[<prev] [next>] [<thread-prev] [thread-next>] [day] [month] [year] [list]
Message-ID: <20150704160649.GA23270@openwall.com>
Date: Sat, 4 Jul 2015 19:06:49 +0300
From: Solar Designer <solar@...nwall.com>
To: discussions@...sword-hashing.net
Subject: Re: [PHC] Memory-hard proof of work with fast verification (CPU Hash)
On Sat, Jul 04, 2015 at 03:56:57AM -0700, Bill Cox wrote:
> random ROM (maybe 512MiB), and a fairly small RAM (20KiB).
[...]
> Defeating GPU attacks is with the large ROM. Scrypt achieves parity
> somewhere around 4MiB. This would be much larger, maybe 512MiB.
We shouldn't compare RAM vs. ROM sizes like that. RAM is per instance,
ROM is shared. Having a 512 MB ROM will, on its own, have only small
impact on performance on modern GPU cards. For example, on a card with
4 GB RAM, it leaves 3.5 GB for the instances' "RAMs", thereby reducing
concurrency to 7/8 of what would be possible without a ROM. The
expected performance is thus somewhere in the range of 7/8 to 1 of
what it would have been without a ROM.
To defeat GPUs via a large ROM, you need to make it larger than the GPU
cards' RAM sizes, so some ROM accesses will have to go over PCIe
(transferring ROM blocks from other GPU cards' RAM or from host's RAM).

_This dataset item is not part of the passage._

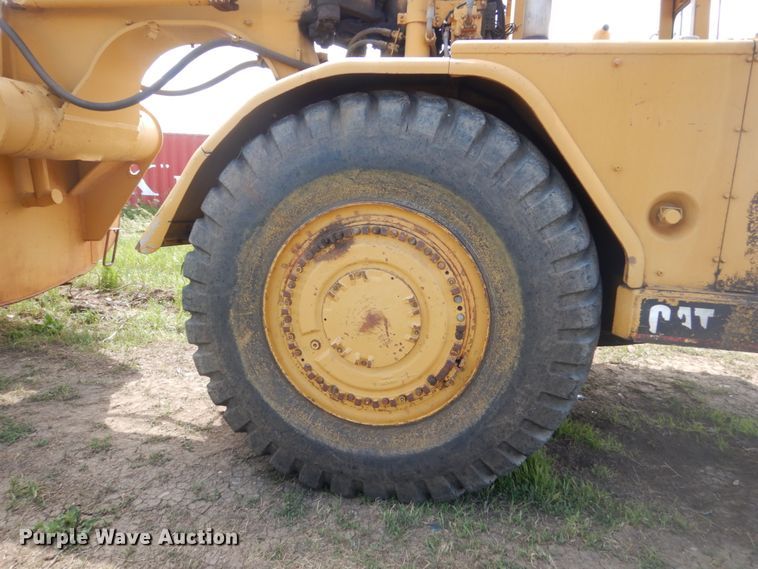 image for item HI9836 1978 Caterpillar 621B  water wagon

And yes, someone might want to introduce a cryptocoin based on yescrypt
with ROM enabled. Maybe its ROM size should even grow over time, e.g.
starting at 28 GB (4 GB higher than what current top GPU cards use, and
4 GB lower than what fits in current desktop systems) and doubling every
few years or something... and eventually this might favor HPC clusters
with fast interconnect or something.